Henüz metnin anlamının oluşmasında okurların olası rolüne değinmedim bile. Çünkü bu boyutu önümüzdeki haftalarda yazacağım yazılarda ele almak istiyorum. Ama başlangıç olarak şunu söylemek gerekir elbette: Toplumların kendi içlerinden çıkan metinlerin anlamları üzerinde bir tür vesayete sahip olmalarından söz etmek, aynı zamanda okurun anlamın oluşmasında oldukça aktif bir rol üstlenebileceğinden bahsetmek anlamına da gelir.

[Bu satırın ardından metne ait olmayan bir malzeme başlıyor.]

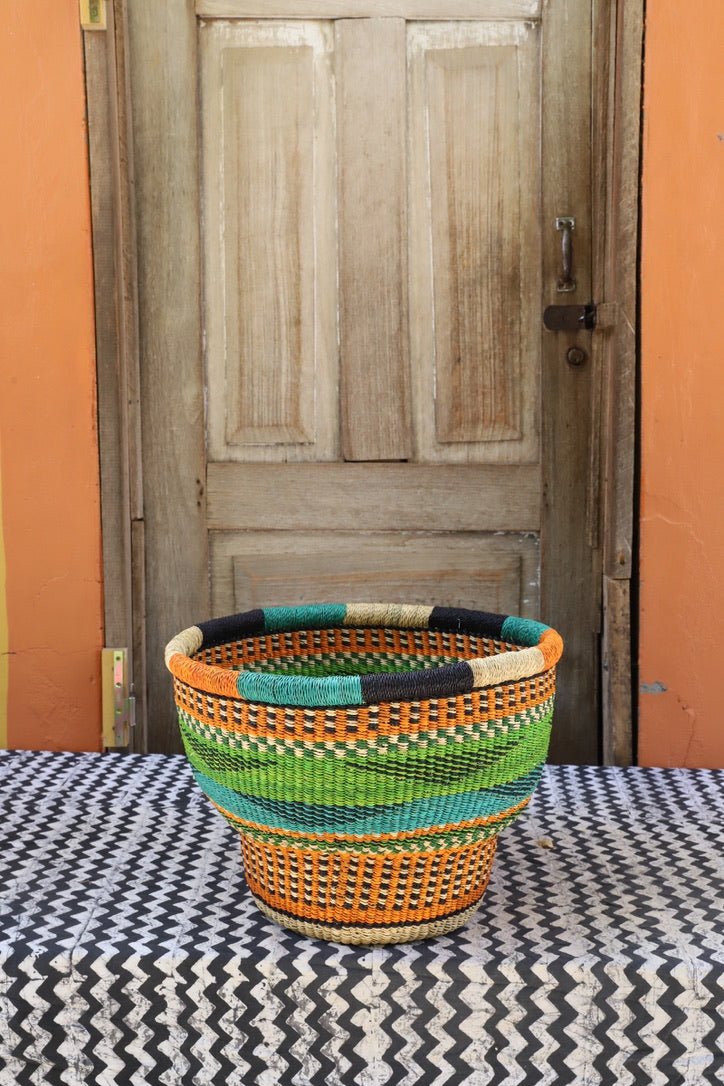 Colorful woven basket on a table with a wooden door in the background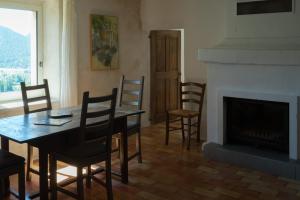 een eetkamer met een tafel en stoelen en een open haard bij La Farigoule in Montbrun-les-Bains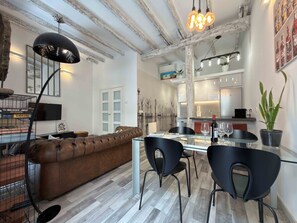 Un salon moderne avec un canapé en cuir marron, une table à manger en verre et des chaises noires, et un coin cuisine à l’arrière-plan.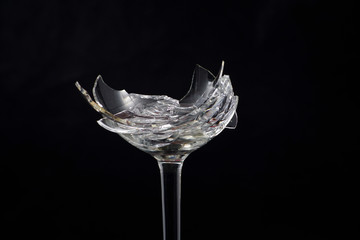 Broken glass in front of black background photographed under the name glass shards cocktail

Evet gördüğünüz gibi, anlamın kaderinden, anlamın mekânından, anlamın coğrafyasından, anlamın tapusundan, anlamın kadastrosundan, anlamın mülkiyetinden, anlamın siyasetinden, anlamın devletinden söz etmek hiç de o kadar anlamsız değil. Peki ben bütün bunlara neden değindim? Dediğim gibi izniniz olursa önümüzdeki haftadan itibaren bu konuyu ele almayı sürdürmeyi düşünüyorum. Hatta Perspektif’te Tanpınar’a ve metinlerine bu perspektiften yaklaşmaya çalışan yazılar yazmayı planlıyorum. Bu yazıyı da onlar için bir girizgâh olarak kabul edin lütfen. Diğer yazılar geldikçe bu metnin de daha anlamlı hale geleceğine eminim. Farkındaysanız yazılar deyip duruyorum çünkü konunun bir yazıya sığabileceğini hiç sanmıyorum.